### ACTION ITEM
Please repeat, exactly as written, the line containing "Gucci Beige Ivory" and every line after it through the end of the records below, leaving out any pictures.

### INPUT DATA
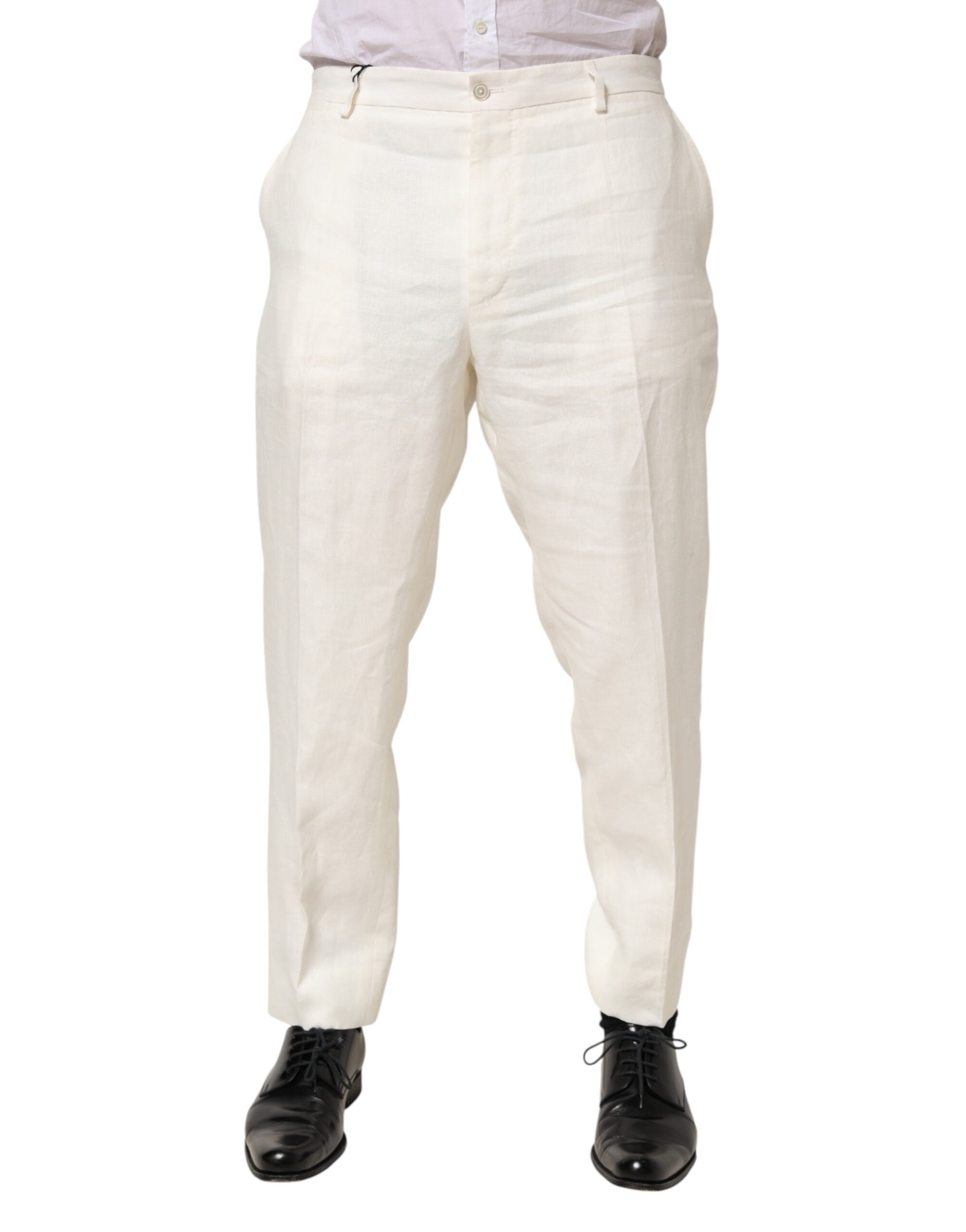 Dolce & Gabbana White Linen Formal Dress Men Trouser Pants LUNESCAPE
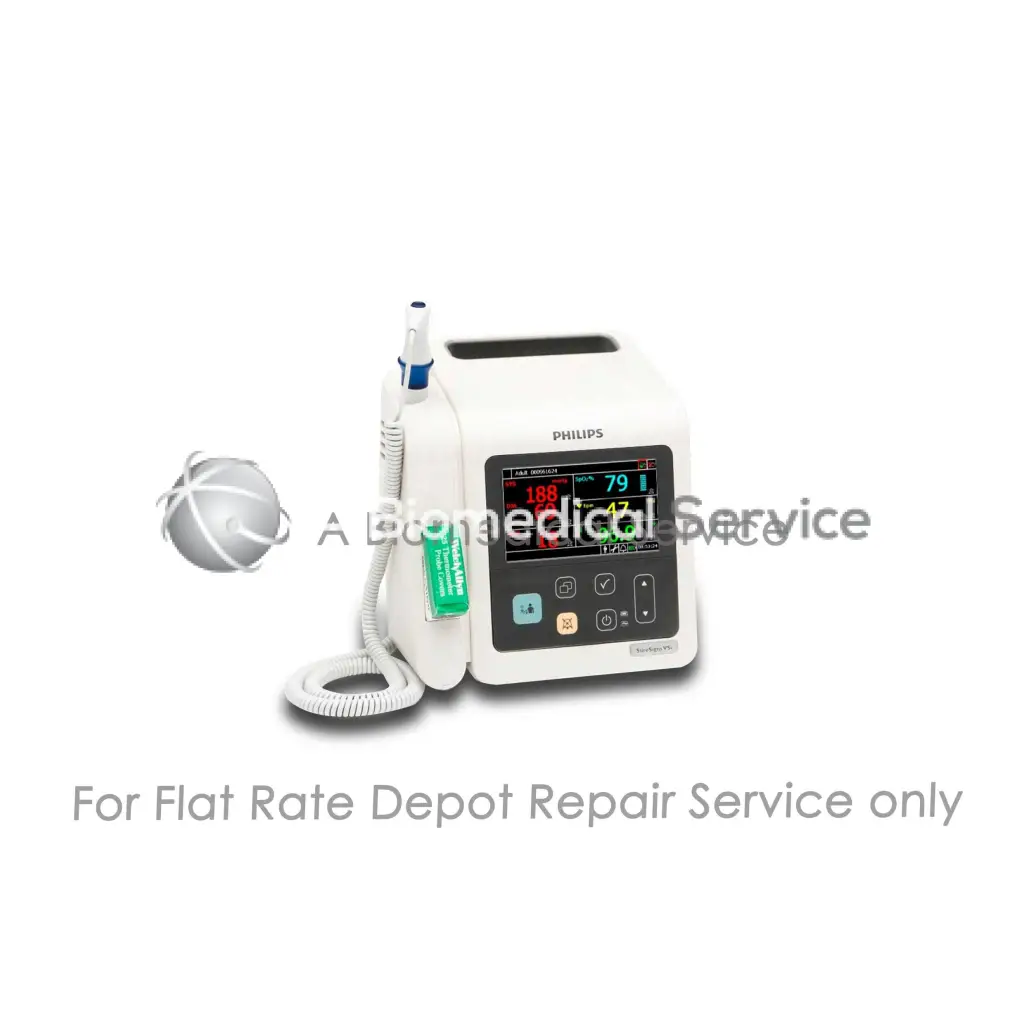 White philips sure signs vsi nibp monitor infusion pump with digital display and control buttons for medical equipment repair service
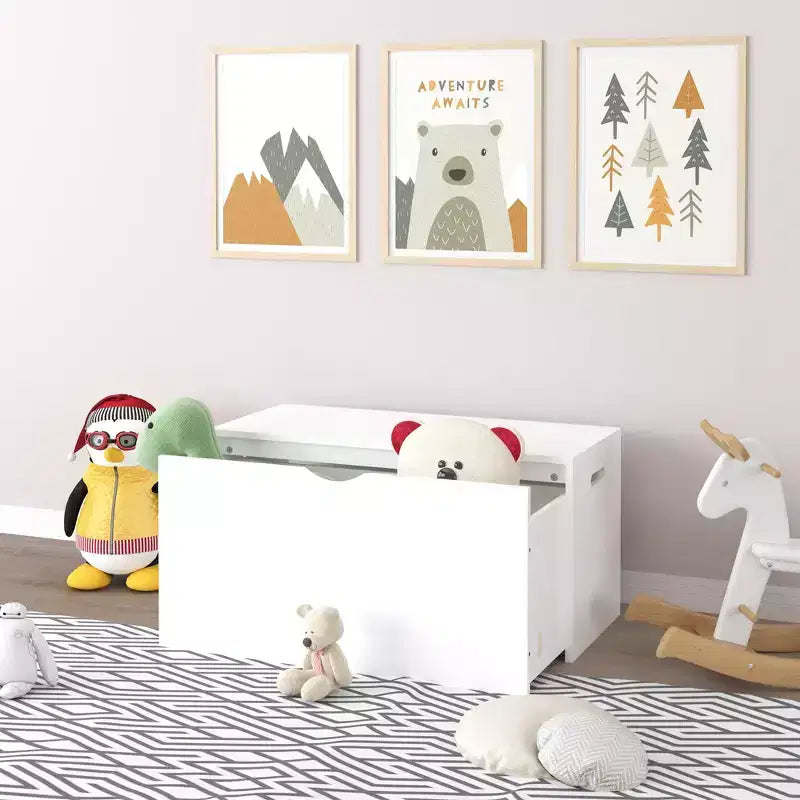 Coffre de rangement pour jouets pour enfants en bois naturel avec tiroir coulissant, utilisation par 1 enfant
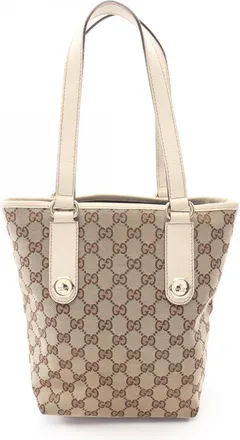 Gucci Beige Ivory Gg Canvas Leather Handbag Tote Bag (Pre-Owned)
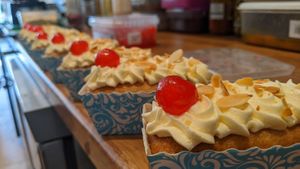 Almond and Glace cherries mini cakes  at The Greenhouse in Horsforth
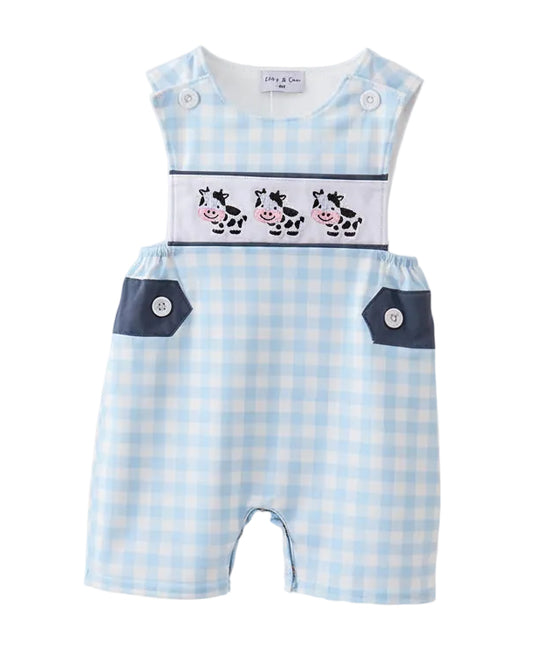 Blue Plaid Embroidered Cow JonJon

### RESPONSE TO THIS EXERCISE
 Gucci Beige Ivory Gg Canvas Leather Handbag Tote Bag (Pre-Owned)
 Almond and Glace cherries mini cakes  at The Greenhouse in Horsforth
 Blue Plaid Embroidered Cow JonJon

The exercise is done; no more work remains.